What does being a physicist mean to you?
This is a difficult question because I view a Physicist as being someone who researches and expands our knowledge of the world through working with the laws that govern space, time, energy and matter. In that context, I often say that I am a “bad” Physicist, as I have not exercised my knowledge of those laws in many years, and can in many cases not necessarily answer physics questions on the spot.
However, being a Physicist is to me also a community. I have never met another Physicist, where there was not an immediate connection. This might be due to having been “schooled” in a similar worldview, where the scientific method is a core way of working, or simply that we can relate to each other’s experiences of spending many years studying how the world works.
Being a Physicist is something I am very proud of, but it is also not the main describer of who I am and the knowledge that I have at the moment. Therefore, I would today introduce myself as a Data Engineer in a professional setting, but Physics has definitely shaped the way I think and solve problems.

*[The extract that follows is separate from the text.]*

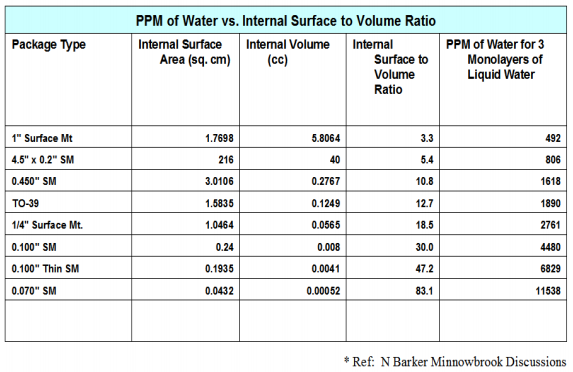 ppm-of-water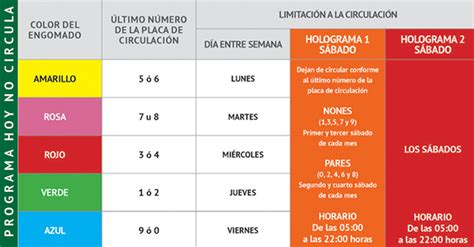 Así Aplicará El Hoy No Circula Este Domingo En La Cdmx Y El Edomex Municipios Puebla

What advice would you give to young people (in particular women and minorities) with a background in physics who would like to pursue a career in the private industry?
In regards to the private industry, I have the most experience in the world of data. If you dream of becoming a Data Engineer, Data Analyst, or Data Scientist, you definitely have a great foundation for handling, visualizing, and exploring data with a background in Physics. In your first job, you will likely learn a lot about applying this foundational knowledge in a company. The company often has a tool that you need to familiarize yourself with, multiple environments to work in, guidelines for ways of working, and many other elements that make their flows run every day.
My experience is that many data departments work actively with Diversity, Equity & Inclusion (DEI) and that having a diverse group of employees (across many spectrums) is seen as a great advantage for the team.
My best advice is simply to go for it, write a lot of applications, investigate the concepts in the job postings that you do not know, and ask questions about the job and the team. The best way to find out if this is a way for you is to try it out, most companies have a very short distance between the Data Engineer, Analyst, and Scientist roles, so there will often be options for tuning into your exact profile over time, or to an even more general/managing role in the company.
If you are still a student, I would highly recommend getting a student job, to get more hands-on experience and find out where your interests lie. This does not mean that you have to know the exact field in the private sector where you see yourself working in the future, something similar will still be beneficial. I have lots of colleagues who started as a student assistant and therefore already had an advantage in their field when they got their degree.
If you are soon starting your last year of studying, I would also encourage you to look up graduate positions within the private field you would like to work in. These types of positions are intended for newly graduated individuals to experience lots of different sides of one company throughout their first 1 or 2 years of employment. I myself missed this opportunity, as I was not aware that you have to apply for most graduate positions in January/February if you would like to start in August/September.